Before Judges Dreier, Keefe and Wecker.
The opinion of the court was delivered by: Dreier, P.j.a.d.
The opinion of the court was delivered by
The Passaic County Prosecutor appeals from a Law Division order denying his request to have the court direct a psychiatric examination of G.A., an individual who had been civilly committed following the termination of an extended jail term. During a period of apparent improvement, G.A. had been placed on a status denominated Conditional Extension Pending Placement (CEPP), and granted Level 3 privileges, enabling him to enjoy home visits and supervised work opportunities. Thereafter G.A. was accused of sexually assaulting a female patient and was arrested for possession of marijuana and alcohol, causing his downgrade to Level 1 status. Eventually, his condition improved and Level 3 freedoms were restored. The prosecutor opposed G.A.'s CEPP status and requested that he be involuntarily committed. To support his challenge, the prosecutor requested a psychiatric examination of G.A. by a psychiatrist appointed by the prosecutor. The Judge denied the motion and this appeal ensued. We note at the outset that this case and our discussion in no way implicates the court's inherent power, recognized by N.J.R.E. 614, itself to appoint and call an independent expert witness.
After a February 1978 indictment, G.A. was convicted of rape, rape while armed, and assault with intent to commit sodomy.
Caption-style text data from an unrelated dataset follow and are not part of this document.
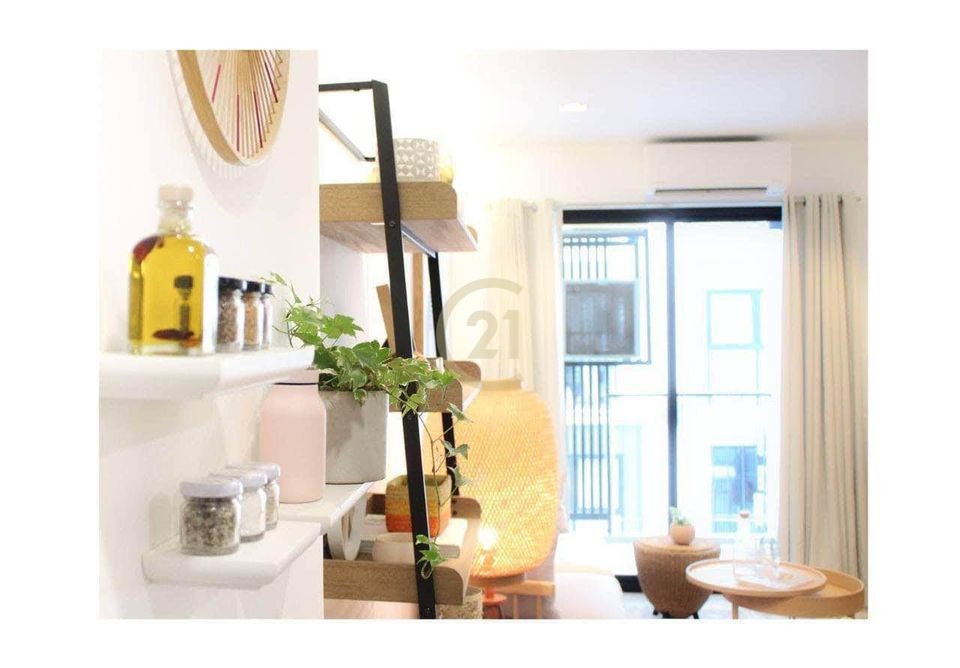 LUXERY ONE BEDROOM FOR RENT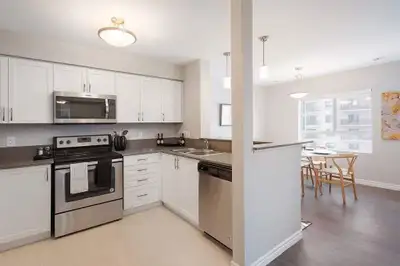 LIMITED TIME OFFER: Get 1 Month Free on Select Suites! With a wealth of neighbourhood conveniences,...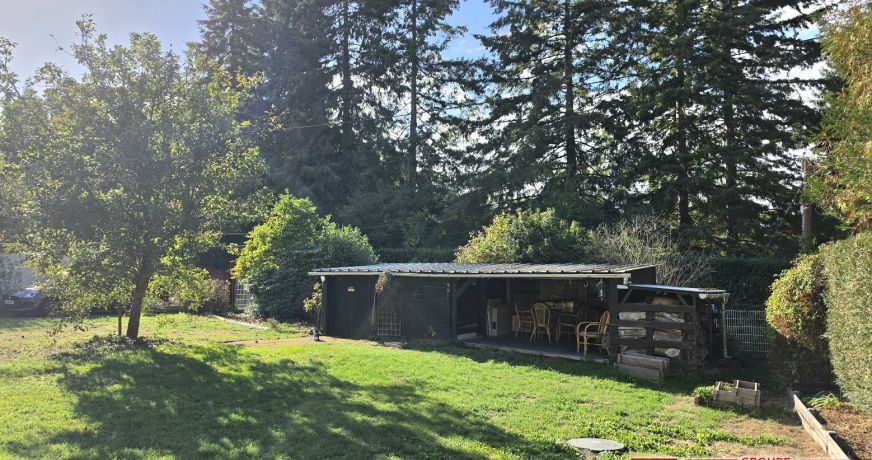 vente Maison Louviers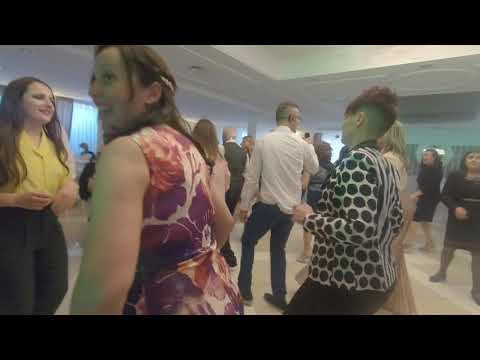 Matrimonio Travolgente - Animazione Matrimoni Divertenti Foggia Puglia - Musica Matrimonio - Festa -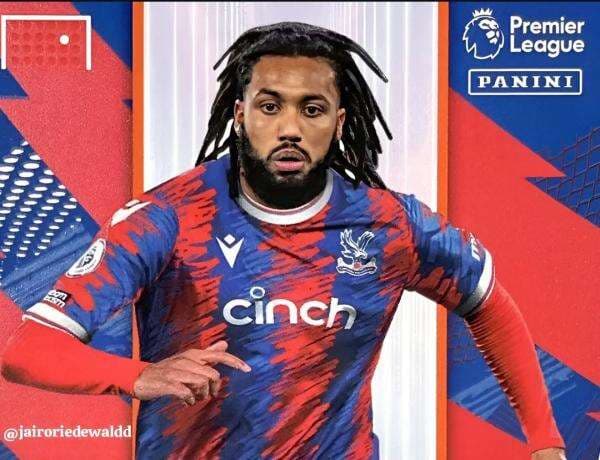 Profil Jairo Riedewald, Pemain Naturalisasi Indonesia yang Pernah Membela Timnas Belanda Profil Jairo Riedewald, Pemain Naturalisasi Indonesia yang Pernah Membela Timnas Belanda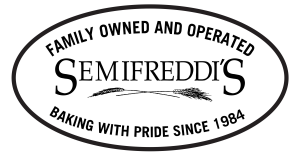 Sponsor Logo for Semifreddi's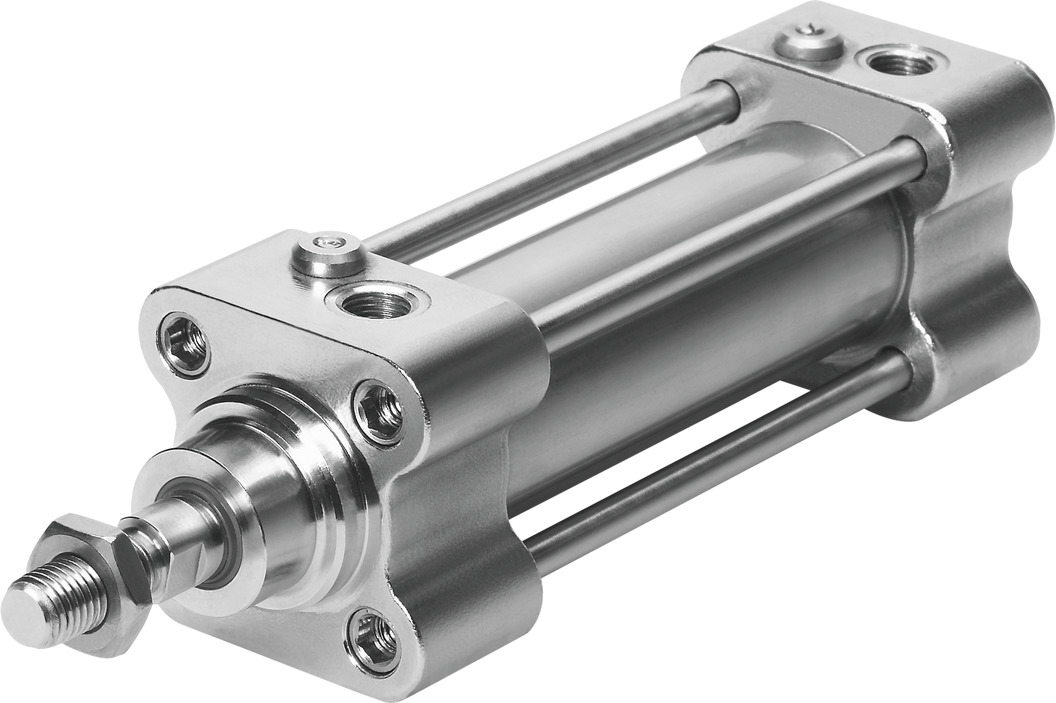 FESTO 费斯托 气缸CRDNG-40-20-PPV-A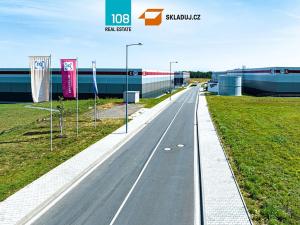 Pronájem skladu, Myslinka, 20000 m2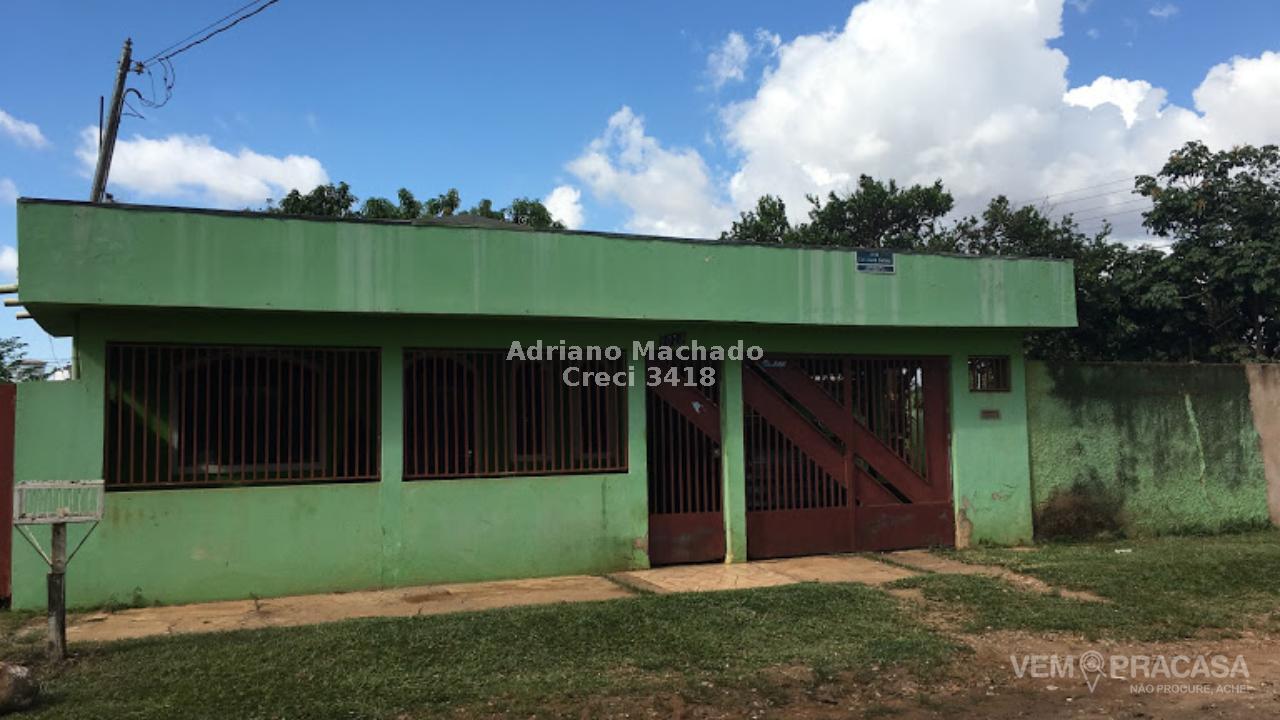 Casa Térrea à venda no Jardim Santa Emília, Campo Grande – foto 10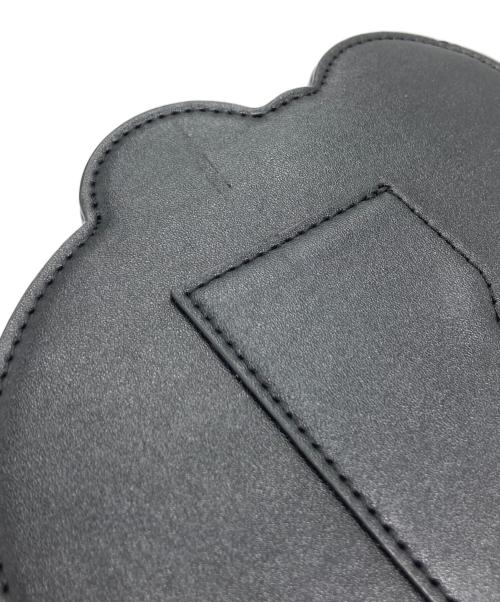 gamchu（ガムチュ）GAMCHU (ガムチュ) ボクのキャンディーとおもちゃコレクトバッグ ブラックの古着・服飾アイテム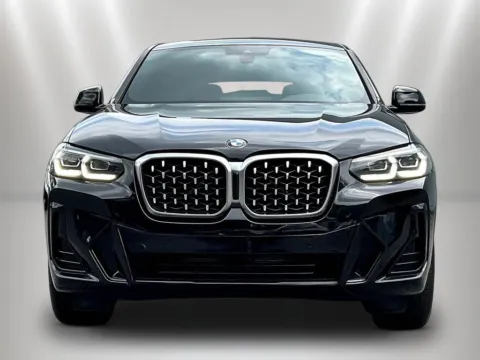 Photos of 2022 BMW X4 xDrive30i for sale in Roswell, GA at Gravity Autos Roswell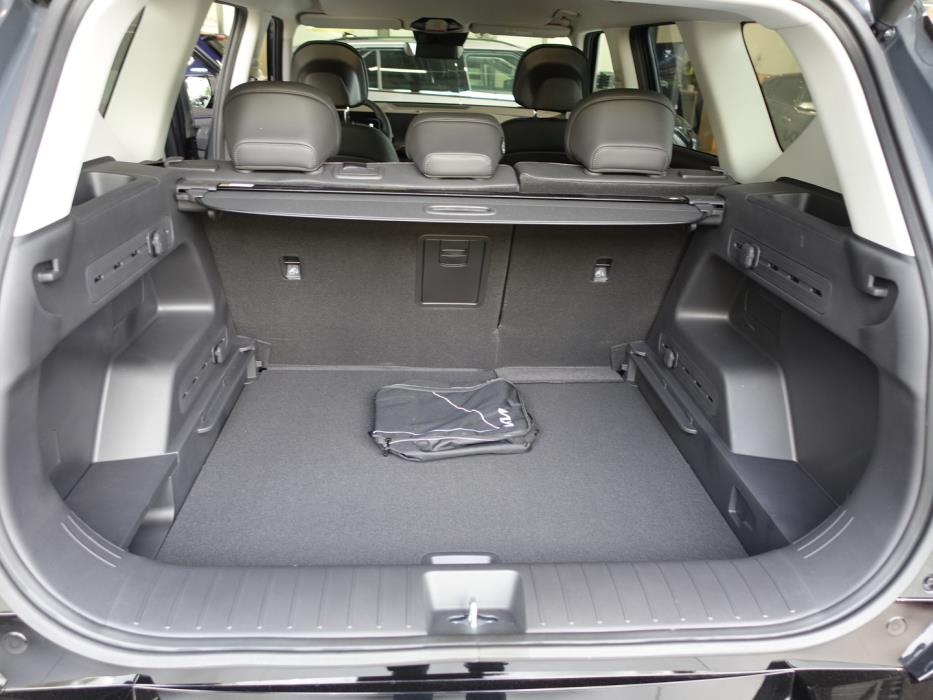 KIA EV5 2026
He was sentenced to consecutive terms aggregating sixteen to nineteen years. G.A.'s prison term expired on January 8, 1995, but three days prior to his scheduled release, the court granted the State's request for a temporary order of commitment pursuant to N.J.S.A. 30:4-27.10, and involuntarily committed G.A. temporarily to Trenton Forensic Hospital. On February 23, 1995, G.A. was transferred to a less restrictive setting at Greystone Park Psychiatric Hospital, where he currently resides.
On April 11, 1995, the hearing Judge approved an order placing G.A. on CEPP based on testimony that revealed that he did not meet the criteria for continued commitment by clear and convincing evidence. Upon application by the prosecutor, the court stayed its April 11, 1995 order to allow him to present supplemental evidence as to G.A.'s need for involuntary commitment. Specifically, the court granted the prosecutor the opportunity to conduct an independent psychiatric evaluation of G.A. On May 16, 1995, based on supplemental evidence, the court found that G.A. suffered from a mental illness which caused him to be a danger to himself and to others, hence the court ruled that G.A. should remain involuntarily committed pending a new hearing.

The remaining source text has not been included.